Oui, nous sommes ici (flêche rouge), dans la salle-bonbonnière du Studio.
En 2006, elle n'avait pas changé. Ceci est la façade côté mer.
Tout à fait à gauche, c'est l'arrière de l'hôtel, avec le cinéma Colisée et le terminal d'Air France.


   Jusque là, tout va bien. Et puis arrivent l'Apprenti Sorcier et la terrible figure du magicien. Voilà mon premier et seul souvenir d'une frayeur cinématographique. Plus rien jamais ne pourra me faire peur, même pas la sorcière de Blanche-Neige ou la reine de la Belle au Bois Dormant (oui, Disney fut un grand maître du film de terreur), et tous les films d'épouvante par la suite me laisseront de glace.

   Mais était-ce bien du magicien que j'ai si peur en cet instant ? Car il n'est pour rien, lui, dans les déboires de Mickey. Au contraire, c'est lui qui apaise les flots, c'est lui qui disperse ces imbéciles de balais-robots, qui remet tout en ordre. N'est-ce pas plutôt de ce terrible déferlement, de cette multitude anonyme de clones têtus, stupides et indifférents, de cette punition disproportionnée et injuste, de cette gentille inconscience de l'apprenti submergé par le désastre qu'il a provoqué ?

   J'ai fait une scène, j'avais peur, j'étais en pleurs, il faisait chaud, je t'en voulais de m'avoir fait venir voir ça, mais tu allais me consoler… Nous sommes sortis avant la fin. De l'obscurité de la salle, où se continuait, haletante, la musique de Dukas, nous sommes passés à la lumière... Celle de la rue Alfred Lelluch, ou de la rue Waïsse. Dehors, c'était Alger, c'était le jour (je me souviens que c'était une séance en matinée), le doux brouhaha de la foule au Carrefour des cinq Avenues, aux terrasses du Cintra et de la Rotonde, c'était l'air un peu collant de la mer toute proche, et j'étais dans tes bras.

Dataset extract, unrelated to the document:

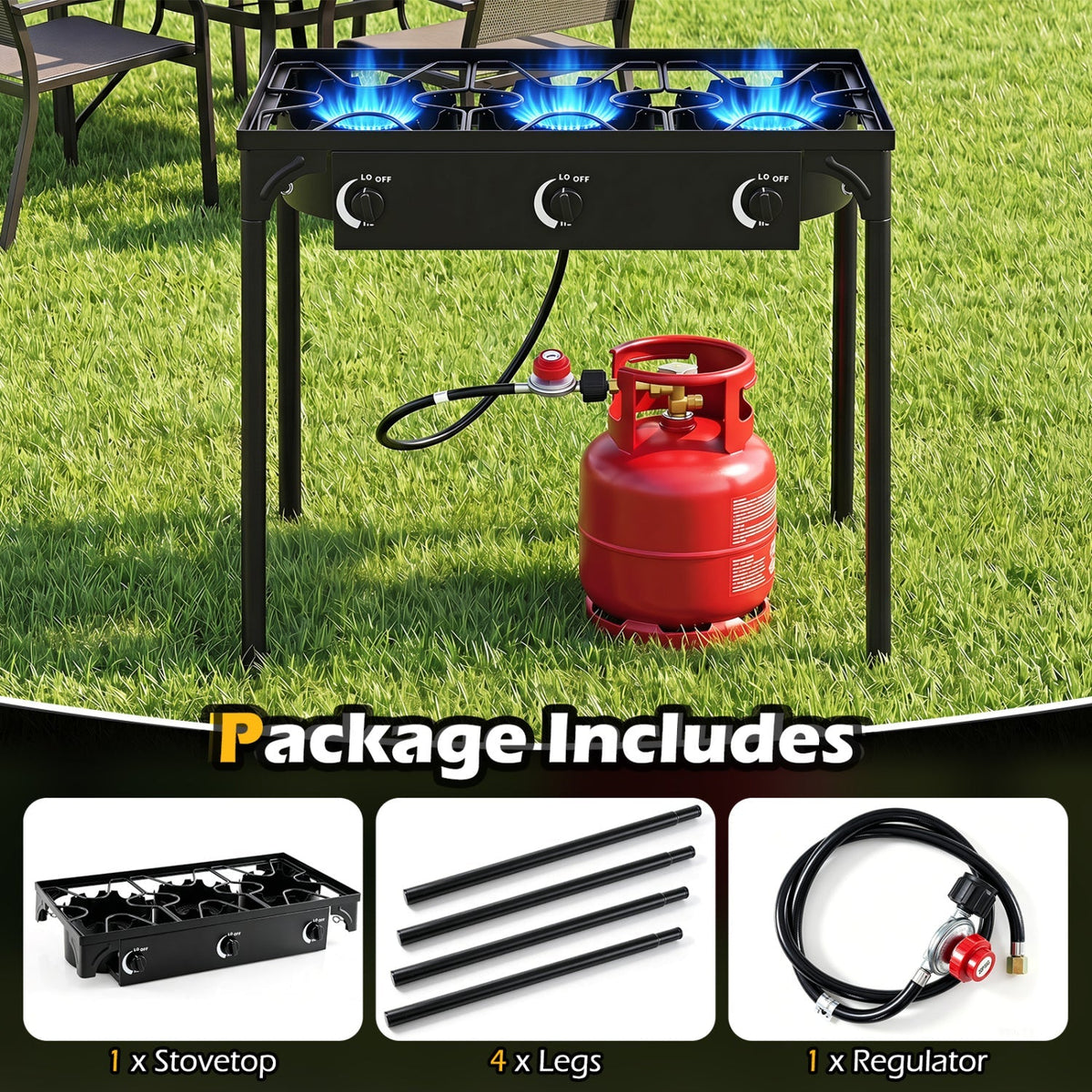 3 Burner Propane Stove 240000 BTU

   Mais ce petit apprenti, pour la suite des ans, ce fut moi... Audacieux et gaffeur, impétueux et timide, Alceste et Don Quichotte, réfléchi, trop réfléchi et pourtant dépassé par les conséquences de ce qu'il entreprendrait, ne finissant rien de ce qu'il commençait, tant il redoutait le goût de cendre de ce qui est achevé, et appréhendant par-dessus tout la désapprobation du magicien paternel, si bienveillant pourtant, et à qui, malgré cette bienveillance, ou à cause d'elle, le petit garçon que j'étais voulait tant plaire. Comme s'il avait à se faire pardonner quelque chose… Ou comme s'il le croyait. Ce jour-là, vois-tu, ce jour-là fut celui du plus grand amour et de la plus grande malédiction.

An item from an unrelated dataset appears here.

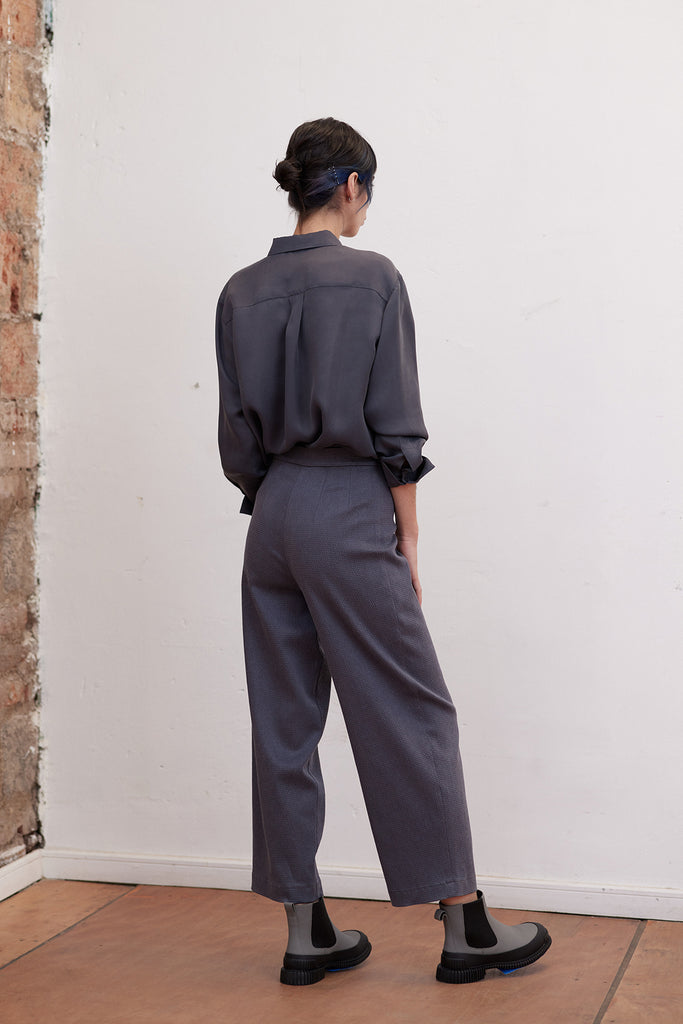 High-Waisted Textured Lyocell Pant - Piedra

   Ce souvenir qui était parvenu à s'échapper du grand pogrom de la mémoire de la haute enfance, longtemps je me suis demandé s'il était réel, si je l'avais inventé, ou si je l'avais rêvé… Pendant une petite cinquantaine d'années…



Bibliothèque Nationale François Mitterrand, depuis l'escalator, entrée Est, 27 septembre 2007.


Vendredi 17 décembre 2004

   Vers 11 heures du matin j'arrive à la Bibliothèque Nationale François Mitterrand. Sur la trop grande esplanade en lattes de bois de teck comme un pont de paquebot, avec aux quatre angles ses tours en hirondelles, figurant quatre bêtes livres ouverts, j'avance vers l'entrée marquée "EST". Une sale pluie imprègne mon manteau, je le sens se gorger d'eau... Le vent me pousse dans le dos vers le tapis mécanique en pente immobile, il est en panne depuis qu'il existe, je le dévale à la fois vite et précautionneusement, posant mes pieds bien à plat sur son sol de caoutchouc mou imbibé de pluie, et qui fait tchoc tchoc sous mes pas.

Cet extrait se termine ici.